Les plantes, ces grandes voyageuses
Entré par la suite en possession de la famille Goüin (actionnaire de la Société de construction des Batignolles), Royaumont sera dévolu, dès l’époque du Front populaire, aux artistes et intellectuels démunis. Aujourd’hui, c’est une fondation qui soutient la carrière de musiciens en résidence et organise, en saison, des concerts et des événements artistiques.

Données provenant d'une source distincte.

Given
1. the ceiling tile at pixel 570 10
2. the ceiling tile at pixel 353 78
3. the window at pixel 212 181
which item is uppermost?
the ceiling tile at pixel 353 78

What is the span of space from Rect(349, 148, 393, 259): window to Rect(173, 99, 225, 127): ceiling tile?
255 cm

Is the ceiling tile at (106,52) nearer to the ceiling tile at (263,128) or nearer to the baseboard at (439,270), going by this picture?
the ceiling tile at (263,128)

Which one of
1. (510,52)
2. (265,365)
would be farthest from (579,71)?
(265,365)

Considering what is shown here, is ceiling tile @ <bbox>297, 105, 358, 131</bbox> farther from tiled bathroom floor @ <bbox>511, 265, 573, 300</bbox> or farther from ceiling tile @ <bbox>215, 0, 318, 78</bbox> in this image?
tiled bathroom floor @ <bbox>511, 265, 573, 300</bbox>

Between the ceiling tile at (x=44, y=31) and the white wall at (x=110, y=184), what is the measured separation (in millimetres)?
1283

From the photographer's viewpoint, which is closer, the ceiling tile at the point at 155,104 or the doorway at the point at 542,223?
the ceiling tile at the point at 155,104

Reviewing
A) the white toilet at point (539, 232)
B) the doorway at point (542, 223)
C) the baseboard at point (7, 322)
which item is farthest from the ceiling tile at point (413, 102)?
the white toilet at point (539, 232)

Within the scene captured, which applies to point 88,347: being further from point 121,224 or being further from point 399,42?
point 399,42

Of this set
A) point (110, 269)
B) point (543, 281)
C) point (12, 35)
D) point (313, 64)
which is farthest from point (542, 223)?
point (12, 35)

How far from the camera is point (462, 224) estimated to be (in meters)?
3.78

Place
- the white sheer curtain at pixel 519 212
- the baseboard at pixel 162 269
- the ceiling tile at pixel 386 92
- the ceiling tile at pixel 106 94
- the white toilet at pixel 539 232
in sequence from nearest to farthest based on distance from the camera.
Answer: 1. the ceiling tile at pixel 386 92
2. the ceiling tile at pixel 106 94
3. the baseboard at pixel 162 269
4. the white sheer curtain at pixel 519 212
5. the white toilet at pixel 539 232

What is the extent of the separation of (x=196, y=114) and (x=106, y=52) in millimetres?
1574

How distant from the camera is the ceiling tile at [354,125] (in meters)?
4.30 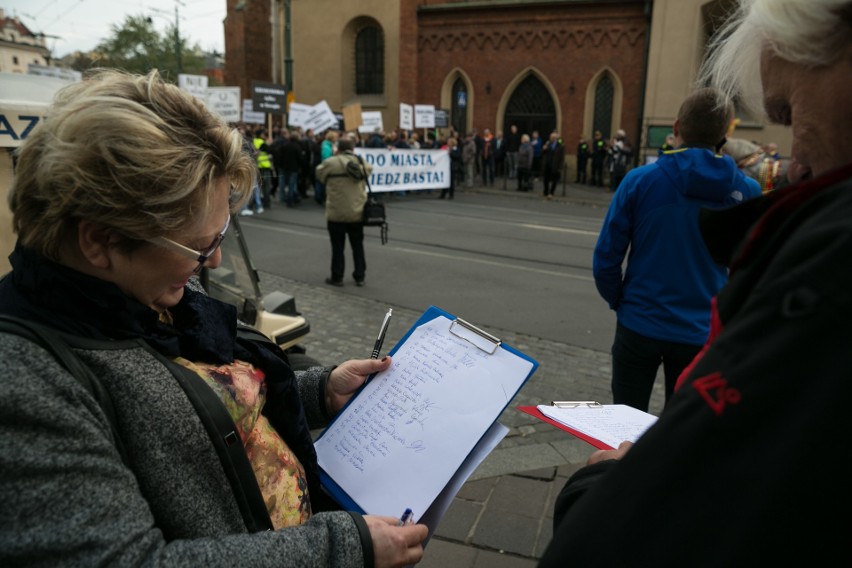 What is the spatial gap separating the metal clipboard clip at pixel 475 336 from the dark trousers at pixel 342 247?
631 centimetres

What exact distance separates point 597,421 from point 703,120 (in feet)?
6.04

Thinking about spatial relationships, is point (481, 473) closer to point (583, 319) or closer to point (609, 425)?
point (609, 425)

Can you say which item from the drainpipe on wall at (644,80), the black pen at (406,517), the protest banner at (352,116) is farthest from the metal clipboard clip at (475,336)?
the drainpipe on wall at (644,80)

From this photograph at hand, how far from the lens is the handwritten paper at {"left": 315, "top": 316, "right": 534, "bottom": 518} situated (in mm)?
1491

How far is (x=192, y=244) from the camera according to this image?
1300mm

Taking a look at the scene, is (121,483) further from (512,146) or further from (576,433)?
(512,146)

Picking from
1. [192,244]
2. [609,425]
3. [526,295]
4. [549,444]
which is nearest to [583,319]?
[526,295]

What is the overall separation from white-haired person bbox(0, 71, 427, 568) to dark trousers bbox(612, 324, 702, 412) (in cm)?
197

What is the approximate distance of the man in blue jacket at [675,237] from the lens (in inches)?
111

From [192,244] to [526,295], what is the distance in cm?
653

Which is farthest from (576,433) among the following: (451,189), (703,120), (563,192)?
(563,192)

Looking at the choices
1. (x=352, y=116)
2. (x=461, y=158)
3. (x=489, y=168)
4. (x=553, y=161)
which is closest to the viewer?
(x=352, y=116)

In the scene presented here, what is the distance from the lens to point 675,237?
2871 mm

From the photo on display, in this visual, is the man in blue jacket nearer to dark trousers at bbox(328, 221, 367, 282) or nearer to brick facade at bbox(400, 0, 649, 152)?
dark trousers at bbox(328, 221, 367, 282) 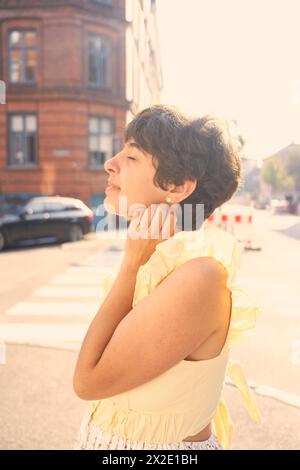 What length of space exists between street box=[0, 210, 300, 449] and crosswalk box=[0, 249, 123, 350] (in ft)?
0.04

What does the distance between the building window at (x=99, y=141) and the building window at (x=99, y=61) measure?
6.08ft

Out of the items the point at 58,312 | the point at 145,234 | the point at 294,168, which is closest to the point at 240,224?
the point at 58,312

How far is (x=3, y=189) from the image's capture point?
2262 cm

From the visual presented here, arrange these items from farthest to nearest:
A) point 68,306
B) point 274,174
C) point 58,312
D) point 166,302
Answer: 1. point 274,174
2. point 68,306
3. point 58,312
4. point 166,302

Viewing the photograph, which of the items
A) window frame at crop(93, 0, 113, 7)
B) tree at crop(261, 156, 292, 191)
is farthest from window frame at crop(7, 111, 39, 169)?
tree at crop(261, 156, 292, 191)

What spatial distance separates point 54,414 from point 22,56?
71.8 feet

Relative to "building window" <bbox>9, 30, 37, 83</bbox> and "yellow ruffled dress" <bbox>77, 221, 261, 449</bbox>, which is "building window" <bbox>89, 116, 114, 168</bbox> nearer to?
"building window" <bbox>9, 30, 37, 83</bbox>

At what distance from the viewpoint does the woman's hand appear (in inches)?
49.7

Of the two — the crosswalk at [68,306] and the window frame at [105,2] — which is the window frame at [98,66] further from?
the crosswalk at [68,306]

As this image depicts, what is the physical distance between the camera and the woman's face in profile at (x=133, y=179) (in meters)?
1.36

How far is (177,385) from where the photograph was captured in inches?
51.7

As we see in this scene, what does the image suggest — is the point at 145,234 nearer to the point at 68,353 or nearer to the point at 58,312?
the point at 68,353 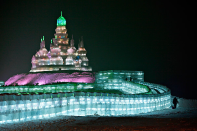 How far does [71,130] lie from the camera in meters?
16.2

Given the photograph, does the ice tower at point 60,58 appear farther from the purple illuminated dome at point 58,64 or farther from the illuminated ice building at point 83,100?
the illuminated ice building at point 83,100

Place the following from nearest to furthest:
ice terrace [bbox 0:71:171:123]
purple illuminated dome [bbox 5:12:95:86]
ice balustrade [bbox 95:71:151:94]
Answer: ice terrace [bbox 0:71:171:123], ice balustrade [bbox 95:71:151:94], purple illuminated dome [bbox 5:12:95:86]

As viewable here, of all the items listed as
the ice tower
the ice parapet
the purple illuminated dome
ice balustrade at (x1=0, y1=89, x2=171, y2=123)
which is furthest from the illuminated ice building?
the ice tower

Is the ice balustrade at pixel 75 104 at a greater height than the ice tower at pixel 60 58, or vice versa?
the ice tower at pixel 60 58

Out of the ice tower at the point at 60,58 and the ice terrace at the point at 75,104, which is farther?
the ice tower at the point at 60,58

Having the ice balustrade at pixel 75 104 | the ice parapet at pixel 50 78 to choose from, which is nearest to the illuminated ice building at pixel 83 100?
the ice balustrade at pixel 75 104

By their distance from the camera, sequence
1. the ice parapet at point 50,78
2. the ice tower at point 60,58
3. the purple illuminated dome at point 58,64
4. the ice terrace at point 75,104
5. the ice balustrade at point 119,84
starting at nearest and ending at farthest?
the ice terrace at point 75,104 < the ice balustrade at point 119,84 < the ice parapet at point 50,78 < the purple illuminated dome at point 58,64 < the ice tower at point 60,58

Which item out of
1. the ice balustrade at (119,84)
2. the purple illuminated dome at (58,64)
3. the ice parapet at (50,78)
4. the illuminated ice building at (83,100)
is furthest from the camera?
the purple illuminated dome at (58,64)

Le Jardin des neuf carrés des paysagistes Olivier Damée et Edith Vallet. | YANN MONEL/ABBAYE DE ROYAUMONT
Le Jardin des neuf carrés a été créé en 2004 par les paysagistes Olivier Damée et Edith Vallet. Des tresses d’osier vivant en délimitent l’espace, alors que les carrés de culture, rehaussés, sont entourés d’un entrelacs de longues tiges de châtaigner (ou plessis). L’exposition actuelle nous apprend que l’ail, la rhubarbe, la pivoine, le gingembre ou le chrysanthème sont venus d’Orient avec les légions romaines, les caravanes des Routes de la soie ou dans les malles de Marco Polo. Et que l’angélique, l’oseille, le perce-neige ou le pavot somnifère ont fait le voyage en sens inverse.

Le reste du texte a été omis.